A: Unsettled, a book about Israel—most of my family has lived there since the 1920s; I have been there often. I love the country and could never live there. I decided to write a book for teenagers in which I wrestle with the whole question of Israel. It takes off from the personal approach of Race and pushes it ever further. The book is due to come out next year, in time for Israel's sixtieth birthday.

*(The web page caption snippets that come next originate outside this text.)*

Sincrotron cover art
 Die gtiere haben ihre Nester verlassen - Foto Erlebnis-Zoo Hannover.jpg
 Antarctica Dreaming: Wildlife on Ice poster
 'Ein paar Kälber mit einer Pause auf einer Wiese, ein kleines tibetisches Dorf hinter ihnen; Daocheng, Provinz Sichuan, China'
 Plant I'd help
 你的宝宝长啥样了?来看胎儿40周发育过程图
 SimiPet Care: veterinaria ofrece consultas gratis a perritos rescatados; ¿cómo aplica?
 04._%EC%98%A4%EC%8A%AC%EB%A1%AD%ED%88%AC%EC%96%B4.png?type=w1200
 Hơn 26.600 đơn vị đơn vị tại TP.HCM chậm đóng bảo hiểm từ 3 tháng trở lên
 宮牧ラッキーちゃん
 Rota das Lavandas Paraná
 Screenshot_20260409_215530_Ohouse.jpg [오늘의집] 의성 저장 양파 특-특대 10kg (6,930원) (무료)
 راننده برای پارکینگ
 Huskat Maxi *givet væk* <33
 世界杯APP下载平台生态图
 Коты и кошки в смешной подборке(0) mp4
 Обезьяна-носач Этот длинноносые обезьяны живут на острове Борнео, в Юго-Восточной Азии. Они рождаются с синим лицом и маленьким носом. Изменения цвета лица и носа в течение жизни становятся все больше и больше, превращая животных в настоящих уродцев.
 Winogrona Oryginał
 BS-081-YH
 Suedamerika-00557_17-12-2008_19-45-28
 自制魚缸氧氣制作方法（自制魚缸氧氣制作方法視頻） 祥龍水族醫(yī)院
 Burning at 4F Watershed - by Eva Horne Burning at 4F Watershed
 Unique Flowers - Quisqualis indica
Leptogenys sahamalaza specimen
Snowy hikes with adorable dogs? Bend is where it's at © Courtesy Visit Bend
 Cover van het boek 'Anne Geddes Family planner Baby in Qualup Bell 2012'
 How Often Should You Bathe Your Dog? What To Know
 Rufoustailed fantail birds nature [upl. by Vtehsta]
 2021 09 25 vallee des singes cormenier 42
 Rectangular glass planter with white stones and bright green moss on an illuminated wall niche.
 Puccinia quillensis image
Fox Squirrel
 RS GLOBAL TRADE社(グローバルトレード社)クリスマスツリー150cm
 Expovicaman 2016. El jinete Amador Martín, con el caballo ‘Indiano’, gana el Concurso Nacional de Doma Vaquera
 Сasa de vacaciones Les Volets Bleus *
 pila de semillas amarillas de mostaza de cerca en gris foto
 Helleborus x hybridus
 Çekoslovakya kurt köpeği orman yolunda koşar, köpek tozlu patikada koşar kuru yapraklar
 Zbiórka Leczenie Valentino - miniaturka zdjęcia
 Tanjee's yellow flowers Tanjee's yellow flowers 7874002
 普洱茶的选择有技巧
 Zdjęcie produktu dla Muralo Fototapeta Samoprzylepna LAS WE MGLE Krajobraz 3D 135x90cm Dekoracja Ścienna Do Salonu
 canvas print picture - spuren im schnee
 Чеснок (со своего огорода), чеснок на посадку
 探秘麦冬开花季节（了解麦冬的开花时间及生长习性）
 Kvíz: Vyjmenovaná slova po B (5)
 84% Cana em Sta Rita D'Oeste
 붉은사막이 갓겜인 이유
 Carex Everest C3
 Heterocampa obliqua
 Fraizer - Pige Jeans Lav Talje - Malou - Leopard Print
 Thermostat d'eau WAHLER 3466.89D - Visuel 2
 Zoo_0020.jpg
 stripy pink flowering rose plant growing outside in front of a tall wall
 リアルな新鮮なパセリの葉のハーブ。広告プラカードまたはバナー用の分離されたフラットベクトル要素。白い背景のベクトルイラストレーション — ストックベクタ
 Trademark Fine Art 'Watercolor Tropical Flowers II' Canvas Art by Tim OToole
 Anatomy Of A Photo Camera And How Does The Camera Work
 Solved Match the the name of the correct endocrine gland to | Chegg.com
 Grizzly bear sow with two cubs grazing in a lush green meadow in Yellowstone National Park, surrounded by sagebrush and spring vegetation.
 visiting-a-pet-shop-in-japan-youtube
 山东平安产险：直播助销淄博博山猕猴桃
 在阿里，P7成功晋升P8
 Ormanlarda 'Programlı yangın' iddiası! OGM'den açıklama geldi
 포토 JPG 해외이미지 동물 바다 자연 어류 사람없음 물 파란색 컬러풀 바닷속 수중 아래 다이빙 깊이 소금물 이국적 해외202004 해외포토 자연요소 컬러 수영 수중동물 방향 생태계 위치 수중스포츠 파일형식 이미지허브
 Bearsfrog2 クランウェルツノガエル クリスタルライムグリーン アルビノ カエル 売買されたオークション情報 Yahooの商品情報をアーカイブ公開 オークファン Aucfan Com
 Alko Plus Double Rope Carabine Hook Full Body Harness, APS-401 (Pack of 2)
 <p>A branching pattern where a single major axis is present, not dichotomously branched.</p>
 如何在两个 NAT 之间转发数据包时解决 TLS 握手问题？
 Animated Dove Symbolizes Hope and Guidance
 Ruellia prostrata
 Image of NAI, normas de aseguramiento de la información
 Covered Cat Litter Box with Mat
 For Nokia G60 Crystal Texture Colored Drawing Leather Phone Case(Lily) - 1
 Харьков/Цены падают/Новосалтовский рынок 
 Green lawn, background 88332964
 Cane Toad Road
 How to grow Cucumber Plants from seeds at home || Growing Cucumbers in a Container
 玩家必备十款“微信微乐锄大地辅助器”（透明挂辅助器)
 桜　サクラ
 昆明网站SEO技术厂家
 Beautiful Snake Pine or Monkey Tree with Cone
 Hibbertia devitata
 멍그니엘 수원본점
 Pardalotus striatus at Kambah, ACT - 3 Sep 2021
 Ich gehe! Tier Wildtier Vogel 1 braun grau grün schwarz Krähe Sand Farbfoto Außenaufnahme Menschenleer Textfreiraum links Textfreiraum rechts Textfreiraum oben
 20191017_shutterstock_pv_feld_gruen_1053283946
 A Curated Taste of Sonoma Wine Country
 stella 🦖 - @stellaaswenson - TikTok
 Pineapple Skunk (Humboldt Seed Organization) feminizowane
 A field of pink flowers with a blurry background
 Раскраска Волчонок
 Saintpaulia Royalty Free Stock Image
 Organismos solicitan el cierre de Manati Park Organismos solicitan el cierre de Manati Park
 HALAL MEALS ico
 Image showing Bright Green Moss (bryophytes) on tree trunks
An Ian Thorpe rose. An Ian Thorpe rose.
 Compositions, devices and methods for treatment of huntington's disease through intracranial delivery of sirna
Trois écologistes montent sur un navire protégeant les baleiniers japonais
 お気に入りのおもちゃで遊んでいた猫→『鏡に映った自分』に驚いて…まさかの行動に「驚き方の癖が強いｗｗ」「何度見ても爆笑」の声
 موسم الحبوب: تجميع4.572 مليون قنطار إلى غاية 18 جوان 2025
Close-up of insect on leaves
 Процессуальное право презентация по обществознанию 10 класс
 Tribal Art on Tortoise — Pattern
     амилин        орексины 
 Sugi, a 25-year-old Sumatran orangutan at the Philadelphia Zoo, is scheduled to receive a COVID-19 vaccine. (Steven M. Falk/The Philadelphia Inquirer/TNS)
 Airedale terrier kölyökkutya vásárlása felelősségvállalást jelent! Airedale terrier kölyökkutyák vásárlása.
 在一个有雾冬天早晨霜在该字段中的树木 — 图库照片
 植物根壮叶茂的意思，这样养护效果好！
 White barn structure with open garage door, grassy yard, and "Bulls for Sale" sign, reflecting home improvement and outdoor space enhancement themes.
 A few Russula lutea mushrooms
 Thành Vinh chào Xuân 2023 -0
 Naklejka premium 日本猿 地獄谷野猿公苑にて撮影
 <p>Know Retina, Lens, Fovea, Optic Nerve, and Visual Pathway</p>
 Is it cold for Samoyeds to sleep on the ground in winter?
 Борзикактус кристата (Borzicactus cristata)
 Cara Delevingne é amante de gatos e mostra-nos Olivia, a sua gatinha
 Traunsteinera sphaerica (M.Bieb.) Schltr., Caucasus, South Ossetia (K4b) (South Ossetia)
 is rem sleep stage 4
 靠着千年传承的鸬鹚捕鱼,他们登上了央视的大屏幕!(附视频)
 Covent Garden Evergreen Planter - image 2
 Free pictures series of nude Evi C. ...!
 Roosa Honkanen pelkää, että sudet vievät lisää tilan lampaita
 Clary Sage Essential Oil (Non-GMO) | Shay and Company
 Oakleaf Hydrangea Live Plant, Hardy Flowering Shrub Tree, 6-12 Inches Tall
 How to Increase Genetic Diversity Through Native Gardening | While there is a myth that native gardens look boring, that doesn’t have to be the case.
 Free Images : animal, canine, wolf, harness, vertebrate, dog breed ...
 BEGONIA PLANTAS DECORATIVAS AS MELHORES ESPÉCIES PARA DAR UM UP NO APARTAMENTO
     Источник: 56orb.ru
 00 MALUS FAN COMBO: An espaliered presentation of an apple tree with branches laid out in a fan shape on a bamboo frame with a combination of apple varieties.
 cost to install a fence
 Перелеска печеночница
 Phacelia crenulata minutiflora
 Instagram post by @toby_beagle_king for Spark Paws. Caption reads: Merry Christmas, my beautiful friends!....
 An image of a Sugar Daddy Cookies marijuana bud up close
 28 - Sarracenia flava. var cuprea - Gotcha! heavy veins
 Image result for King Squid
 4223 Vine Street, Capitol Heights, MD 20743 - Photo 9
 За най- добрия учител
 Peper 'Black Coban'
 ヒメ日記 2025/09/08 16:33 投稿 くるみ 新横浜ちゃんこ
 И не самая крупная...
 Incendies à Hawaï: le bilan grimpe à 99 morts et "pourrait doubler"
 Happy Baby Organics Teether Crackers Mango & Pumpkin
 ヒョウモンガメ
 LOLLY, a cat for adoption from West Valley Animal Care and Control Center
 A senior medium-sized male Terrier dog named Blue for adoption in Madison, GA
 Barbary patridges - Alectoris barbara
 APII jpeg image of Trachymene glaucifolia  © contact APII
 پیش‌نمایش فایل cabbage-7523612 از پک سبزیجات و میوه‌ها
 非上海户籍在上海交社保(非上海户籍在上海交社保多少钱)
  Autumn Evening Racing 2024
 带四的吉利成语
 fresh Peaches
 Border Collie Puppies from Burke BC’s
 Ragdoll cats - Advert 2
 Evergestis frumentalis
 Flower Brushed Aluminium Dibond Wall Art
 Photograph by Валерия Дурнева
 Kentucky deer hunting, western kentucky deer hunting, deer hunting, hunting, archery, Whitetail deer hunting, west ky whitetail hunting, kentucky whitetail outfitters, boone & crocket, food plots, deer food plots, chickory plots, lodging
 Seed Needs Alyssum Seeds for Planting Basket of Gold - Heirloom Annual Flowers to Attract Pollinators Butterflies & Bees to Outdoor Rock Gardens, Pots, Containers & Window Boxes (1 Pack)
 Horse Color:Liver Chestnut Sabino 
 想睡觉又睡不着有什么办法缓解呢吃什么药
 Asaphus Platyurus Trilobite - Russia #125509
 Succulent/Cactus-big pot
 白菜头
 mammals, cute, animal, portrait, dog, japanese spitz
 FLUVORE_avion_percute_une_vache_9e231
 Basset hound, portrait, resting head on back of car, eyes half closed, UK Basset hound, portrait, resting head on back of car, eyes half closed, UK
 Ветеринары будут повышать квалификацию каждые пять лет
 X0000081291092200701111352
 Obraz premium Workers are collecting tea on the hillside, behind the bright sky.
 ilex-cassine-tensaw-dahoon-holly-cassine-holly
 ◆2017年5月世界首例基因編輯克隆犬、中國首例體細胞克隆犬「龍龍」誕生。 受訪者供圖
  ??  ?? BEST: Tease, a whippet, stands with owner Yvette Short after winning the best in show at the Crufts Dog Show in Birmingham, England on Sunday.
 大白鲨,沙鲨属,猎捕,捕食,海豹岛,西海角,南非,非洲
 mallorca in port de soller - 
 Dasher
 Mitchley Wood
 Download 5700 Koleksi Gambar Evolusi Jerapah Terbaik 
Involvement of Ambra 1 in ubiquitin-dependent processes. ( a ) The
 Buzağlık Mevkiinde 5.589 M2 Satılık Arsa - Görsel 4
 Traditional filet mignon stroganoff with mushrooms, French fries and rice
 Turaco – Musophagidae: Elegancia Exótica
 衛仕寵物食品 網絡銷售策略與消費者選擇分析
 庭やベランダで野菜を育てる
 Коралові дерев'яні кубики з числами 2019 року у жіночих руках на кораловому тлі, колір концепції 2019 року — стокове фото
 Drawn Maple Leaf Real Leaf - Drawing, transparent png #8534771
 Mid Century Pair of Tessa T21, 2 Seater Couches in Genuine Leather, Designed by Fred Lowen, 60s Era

Contributor: Simon & Schuster Children’s Publishing
For additional information about Marc Aronbson, visit his web site www.marcaronson.com
Reviews
Race: A History Beyond Black and White
Marc Aronson
The book traces the idea of race from the ancient world up to modern times. The premise being that race as we know it today is a recent development. Starting with the idea that prejudice is in the mind; coming from the days when survival depended on making an instantaneous decision on if another human were friend or foe, the book states that in ancient times people were judged more on where they came from geographically and their economic and social status vs. their race. A few chapters focus on religion and how the thought of being chosen or holy came to affect our view of another other. The middle chapters are devoted to the role that science has played in development of race; needs of classifying items based on certain characteristics giving rise to the idea of race, but even then, race was not so clearly defined. Seven chapters after this are spent discussing views of race during different time periods. These chapters cover such subjects as Irish and Italians not being considered white, Jews and Catholics “whiteness” being once debated by Congress, Jews considered to be their own race of people and the treatment of blacks during the latter part of the 19th and the first half of the 20th century. The last few chapters are devoted to ideas on race in the modern world covering topics such as the spectrum within our classifications of white, black, Asian and Indian that may give no meaning to race and the idea that a person can “act white/black”. This is an excellent springboard book to use in a social studies or ethics class. Its focus on the developing history and perception of races and prejudice make it more thought provoking than material that focuses only on race as we think of it today. Unfortunately, the subject matter of race in modern times is only briefly touched upon and discussed. The book moves very quickly though history of the conflict between white and black of this century and in the last chapter is filled with more opinion from the author and less fact than in previous chapters. In the final chapter there is hardly and mention at all of Latin peoples. This gives it less relevancy in discussions and debates about race today, but the book is an excellent tool to stimulate discussion about race in the past and its evolution in the future. 2007, Atheneum Books for Young Readers/Simon & Schuster Children’s Publishing Division, Ages 12 up, $18.99. Reviewer: Patrick Hunter (Children's Literature).